Obviously Johnston comes off second best, I mean who wouldn’t, but that doesn’t excuse the bland, meandering script that suspiciously feels like an unpolished draft that was handed in by mistake. The pace of the film is all over the place with frantic action beats clumsily threaded together with a solid cast literally wandering aimlessly through the jungle – how often is it you get see William H. Macy straining to fill a role – but it truly does the heart good to see Sam Neill return as bone dusting curmudgeon Alan Grant even if he has to act against the single most misjudged moment in the entire franchise – yeah, that’s right, I’m bringing up the notorious dream sequence in which Grant “awakes” on a plane to a Velociraptor firmly calling his name. It’s a stunningly awful and your brain instantly turns itself in knots in trying to work out how the hell something so deliriously stupid made it’s way past a number of responsible gatekeepers to actually find it’s way into the damn movie.
There’s plus points here (it’s a dinosaur movie – there has to be SOME) and unsurprisingly Stan Winston’s live action dinos are as magnificent as they ever were, with the utterly massive Spinosaurus being a stand out as it bellows and postures while interacting with real water and fire but in comparison the CGI dinosaurs look alarmingly bad for a film of this scale. The carnivores are ok (the same shot blending of practical and CG Raptors are actually pretty successful) but for some reason the herbivores look like utter shit and frequently resemble wet plasticine. A standout shot of a couple of Bachiosaurs looking like they both have serious brain damage instantly loses the usual sense of wonder the franchise effortlessly emits (it’s DINOSAURS, people!) and replaces it with the noble majesty of a farting warthog with a comically large erection.

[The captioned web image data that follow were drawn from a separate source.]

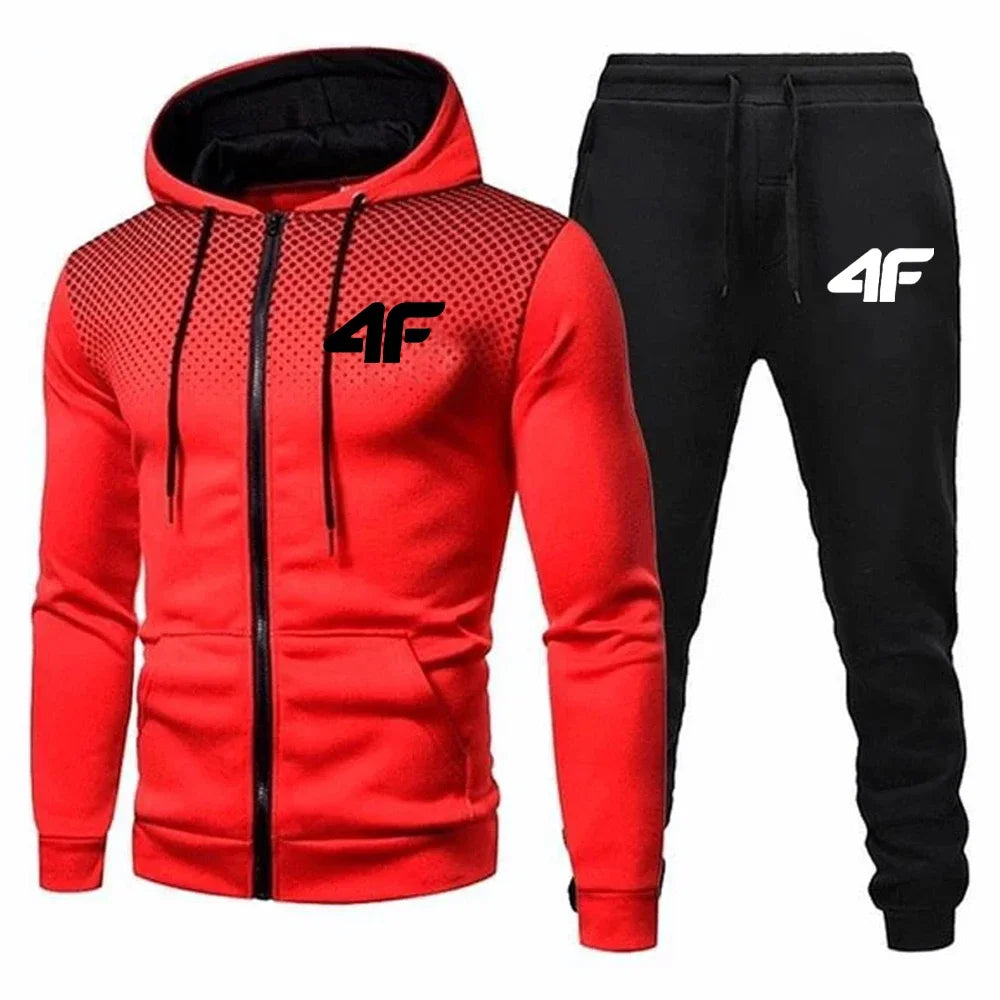 Automne hiver hommes survêtement Jogging pantalons de survêtement 2 pièces ensemble Sport veste à glissière + pantalon de course costume décontracté impression vêtements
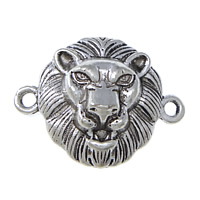 Animal Tibetan Style Connector, Lion, antique silver color plated, 1/1 loop, nickel, lead & cadmium free, 25x19x5mm, Hole:Approx 2mm, 200PCs/Lot, Sold By Lot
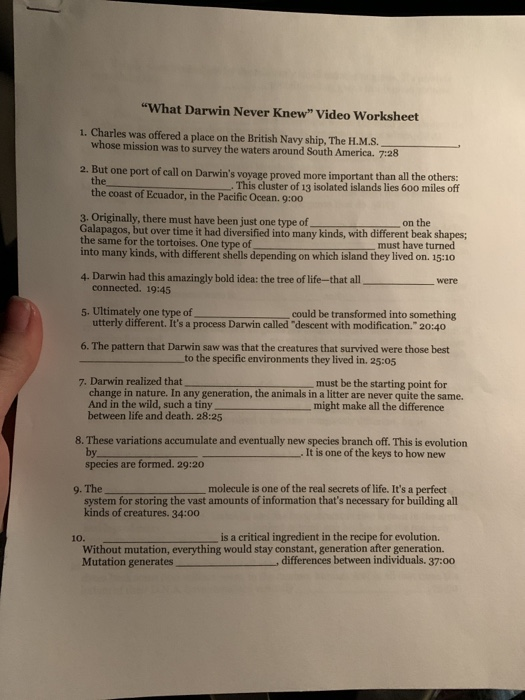 Solved What Darwin Never Knew Video Worksheet 1 Charle Chegg Com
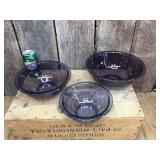 PYREX 3 Pc Nesting Bowl Set - Purple - Nice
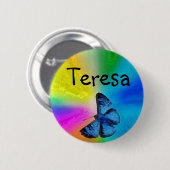 蝶名前入りの記章 缶バッジ (正面&裏面)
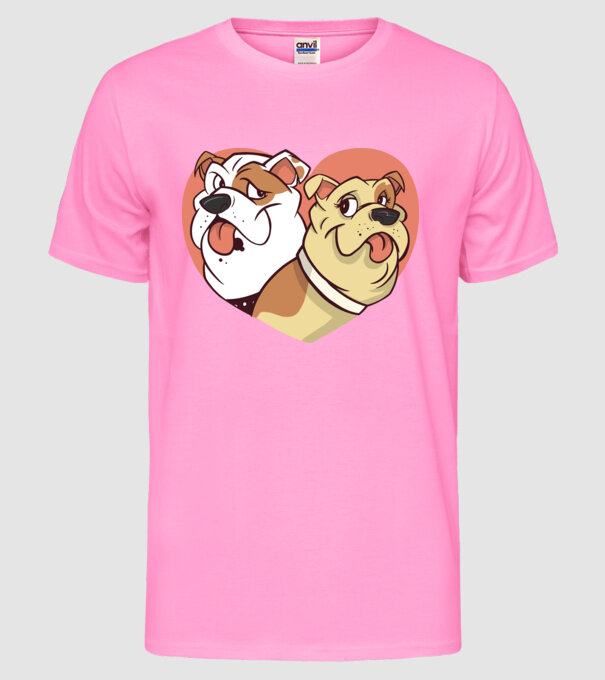 Dragoste Bulldog model roz neon pe tricou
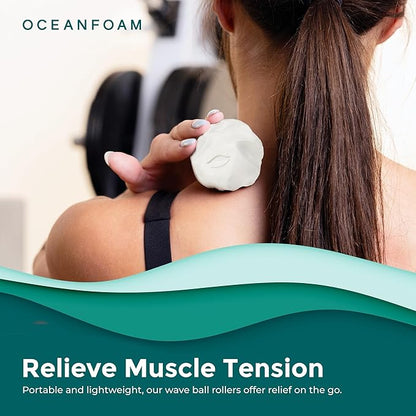 Oceanfoam Wave Massage Ball Rollers for Targeted Muscle Pain Therapy, Textured Travel Size,Yoga,Home & Fitness Health Tools for Body Sore Spots, Shoulders, Legs and Upper Back (Natural, Pack of 3)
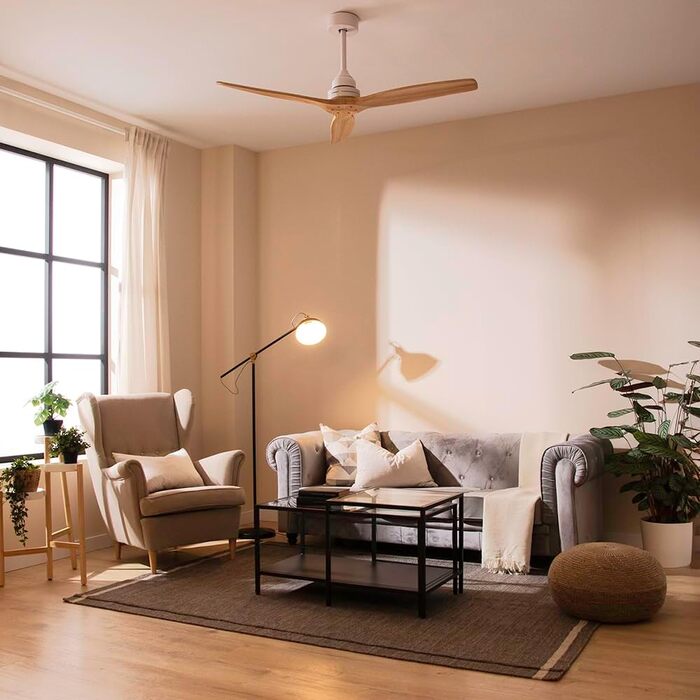 Вентилятор стельовий Cecotec Energysilence Aero 580, білий/бук, 40 Вт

It’s not that JP3 is an overwhelmingly bad film but it’s so aggressively “meh” it frequently verges on pointlessness – say what you will about the subsequent Jurassic World movies, at least the fuckers MOVE – even the ending is hideously planned out as it somehow runs out of gas a good 10 minutes before the end as the nondescript cinematography soaks it’s dino action in weak blues and insipid greys.
The real tragedy is that you can actually tell that the filmmakers were really trying hard to square up to the type of high-concept adventure that Spielberg makes so effortless, but a stellar Pteranodon attack aside, this will forever be known as the movie in which a Velociraptor fucking says “Alan”.